20/05/09 Anti-Avoidance: “Material Detriment Test” Code of Practice
20 May 2009
Overview
The Pensions Regulator has published its response to consultation on the draft “Material Detriment Test” (“MDT”) Code of Practice, and has finalised the Code which has been laid before Parliament.
The Code and the MDT test are expected to come into force at the end of June 2009.
“Material Detriment Test”
The MDT was introduced by the Pensions Act 2008. The new test will enable the Regulator to issue a Contribution Notice (“CN”) where the Regulator is of the opinion that the MDT is met in relation to an act or failure to act. The MDT is met if the Regulator is of the opinion that the act or failure to act has detrimentally affected in a material way the likelihood of accrued scheme benefits being received.
The Code of Practice sets out the circumstances where the Regulator expects to issue CNs on the MDT. These have been slightly amended from those contained in the draft Code following comments received in the consultation period and are as follows:
1. The transfer of the scheme out of the UK jurisdiction.
2.The transfer of the sponsoring employer out of the UK jurisdiction or the replacement of the sponsoring employer with an entity that does not fall within the jurisdiction.

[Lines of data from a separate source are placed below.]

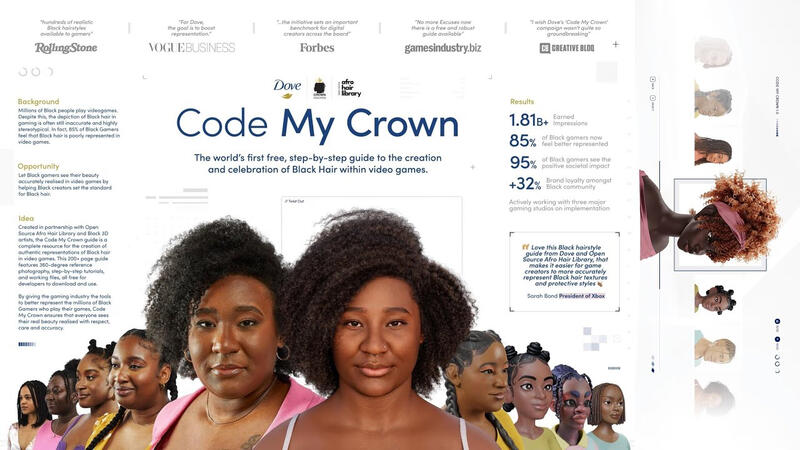 Dove: Code My Crown Dove: Code My Crown excerpt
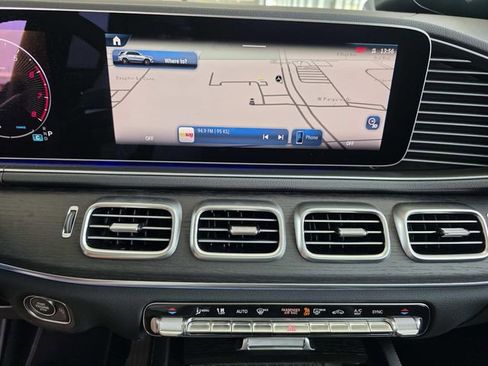 New 2026 Mercedes-Benz GLE 450 4MATIC image 22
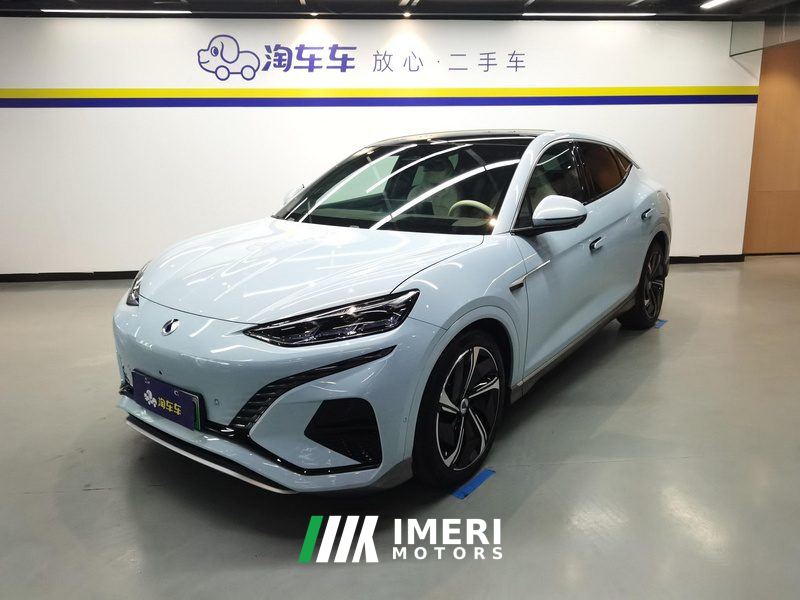 Denza N7 630km AWDLong RangeMax Edition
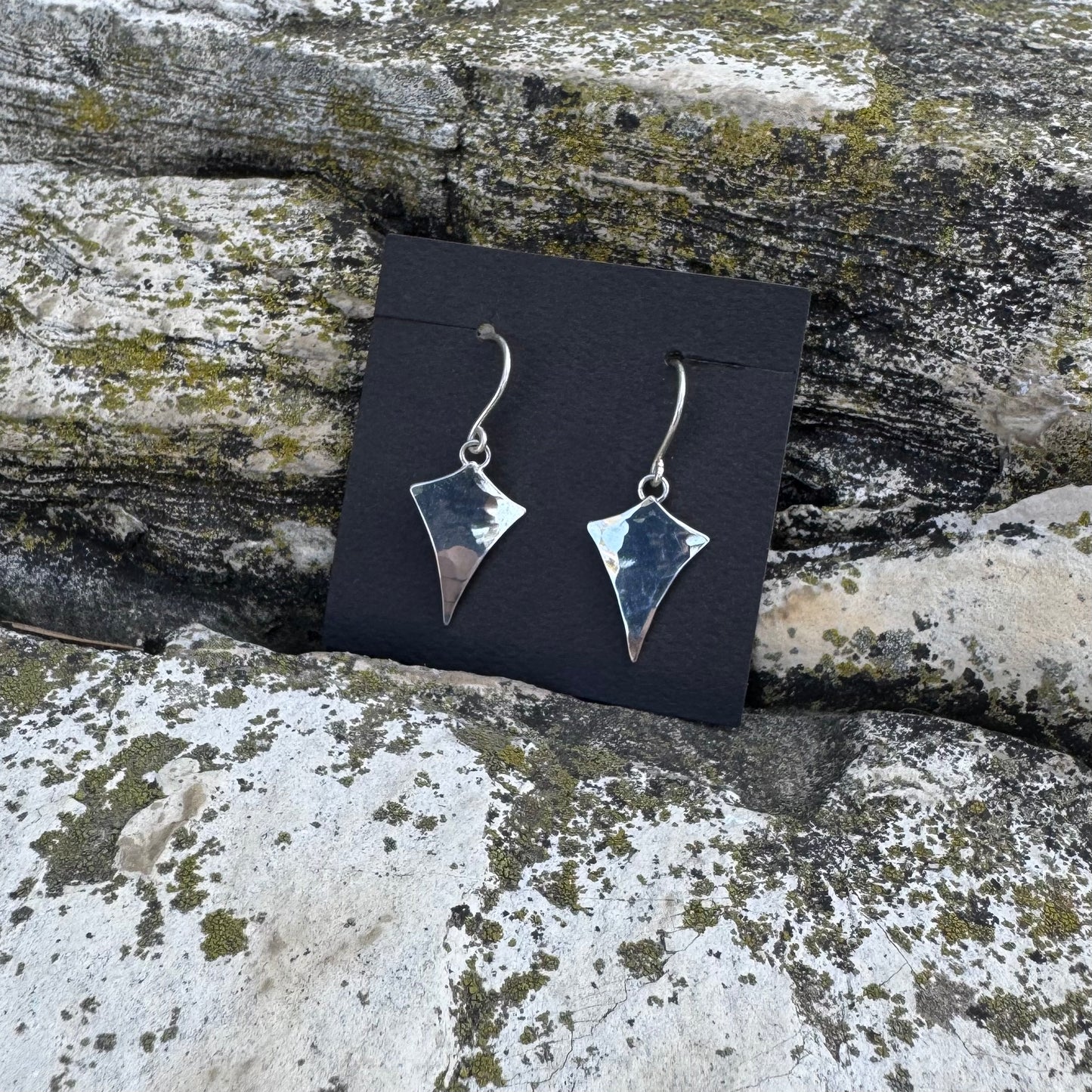 Polaris Star | Earrings REFRESHED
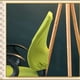 thumbnail image 3 of Silla de protección de la oficina cubierta de sillas de la cubierta Muebles universal Protector de muebles Simple Suministros para el hogar para sillones sólidos Hojas de otoño amarillo 2 piezas kenally HA011156-07, 3 of 7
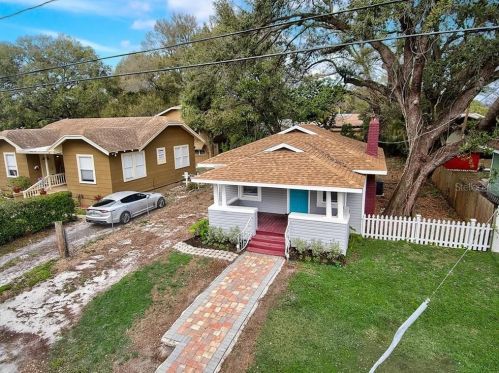 309 Crest Ave, Tampa FL 33614-6709 exterior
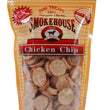 Smokehouse Chicken Chips Dog Treat 1ea/SM, 8 oz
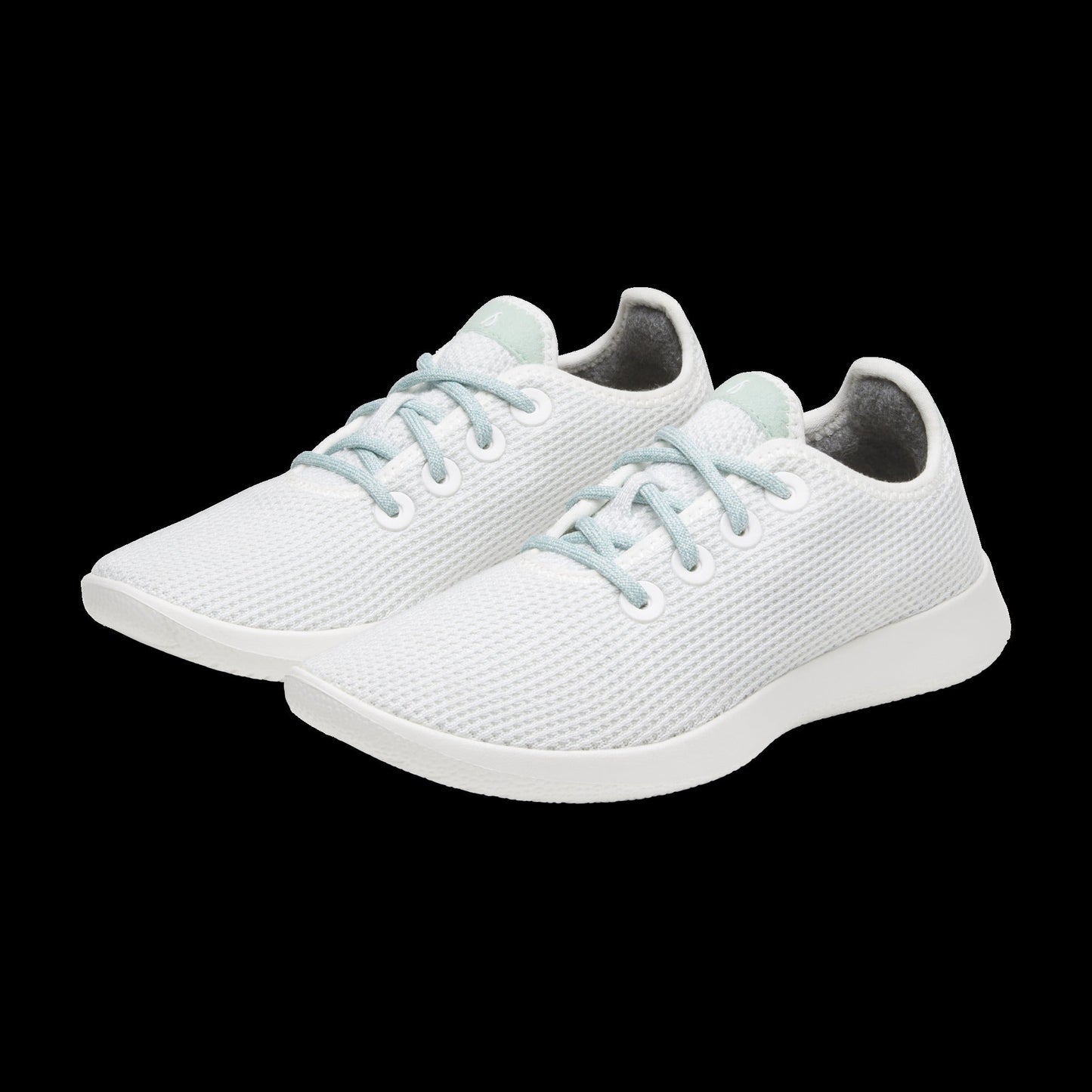 Women's Tree Runner - Blizzard/Lux Liberty (Blizzard Sole)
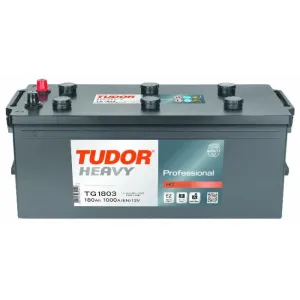 BATT.140AH,900A,508X175X205 DX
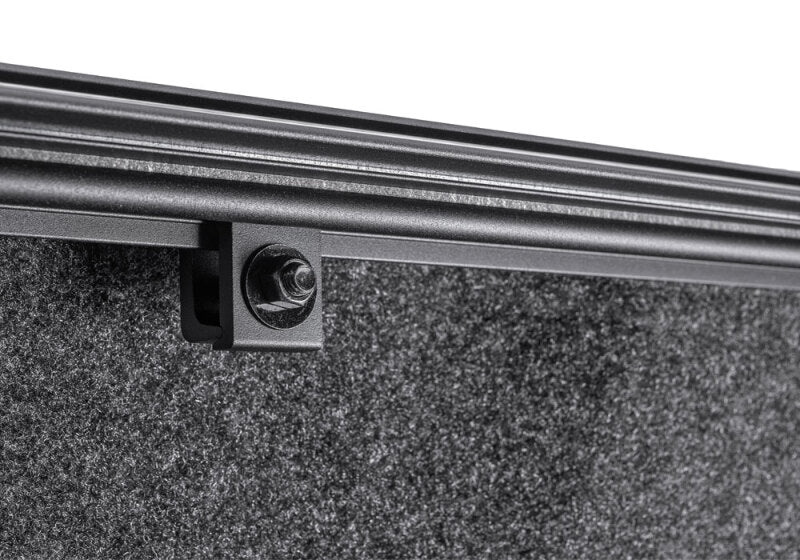 BAK 80331 Revolver X4s Hard Roll‑Up Tonneau Cover for 2017-2025 Ford Super Duty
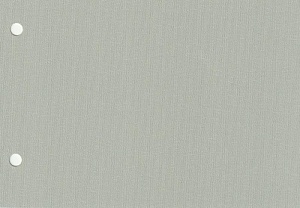 Рулонные шторы Респект ФР Блэкаут, серый купить в Фрязино с доставкой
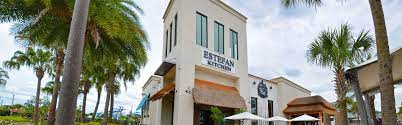 5733 w irlo bronson hwy, kissimmee, fl 34746, united states. Estefan Kitchen Orlando Restaurant Promenade At Sunset Walk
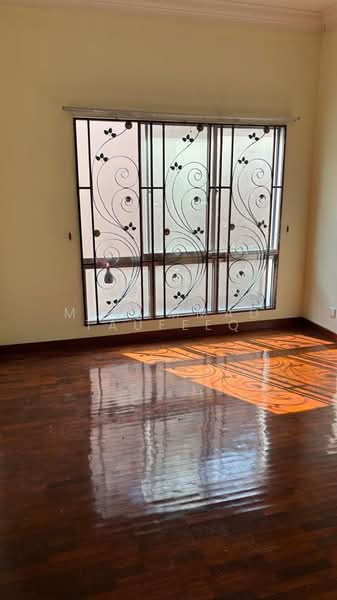 Semi-Detached House for Rent in Setia Damai (Setia Alam) - Muhammad Taufeeq - Interior - PropertyGuru.com.my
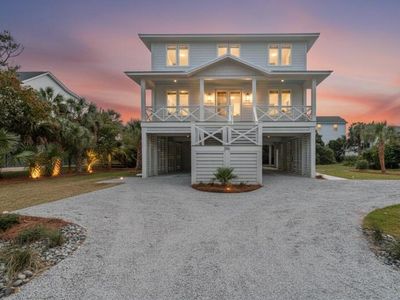 306 Sea View Ln, Edisto Beach, SC, 29438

( This has been amended to cover the possibility of dissolving or removing one employer and replacing it with another.)
3.“Sponsor support” is removed, substantially reduced or becomes nominal.
(“Employer” has been replaced by “sponsor”. The former reference to “severing” of employer support has been removed to avoid confusion.)
4.The transfer of the scheme liabilities to another pension scheme or arrangement which leads to a significant reduction of the sponsor support in respect of those liabilities, or funding to cover those liabilities.
( The concept of “sufficient employer support” was considered to be too vague, and has been amended to a test of “significant reduction”.)
5.A business model or the operation of the scheme which creates from the scheme, or which is designed to do so, a financial benefit for the employer or some other person, but where proper account has not been taken of the interests of the scheme members, including where risks to members are increased.
( Although many of the respondents to the consultation raised concerns that normal transactions could fall foul of this circumstance, the Regulator does not believe that this is the case and has left this virtually unchanged.)
Comment
Although clarification of the circumstances in which the Regulator may consider using the MDT test is to be welcomed, it should be noted that the list of circumstances is not exhaustive. The consultation response states that in exceptional circumstances the Regulator may wish to act outside the specific circumstances set out in the Code. However, it would still be necessary for the Regulator to meet all the underlying legal requirements and show why it was reasonable to be acting outside the Code.
Further guidance on the application of the MDT is to be published in the future, and it is hoped that this will precede the date that the Code comes into force.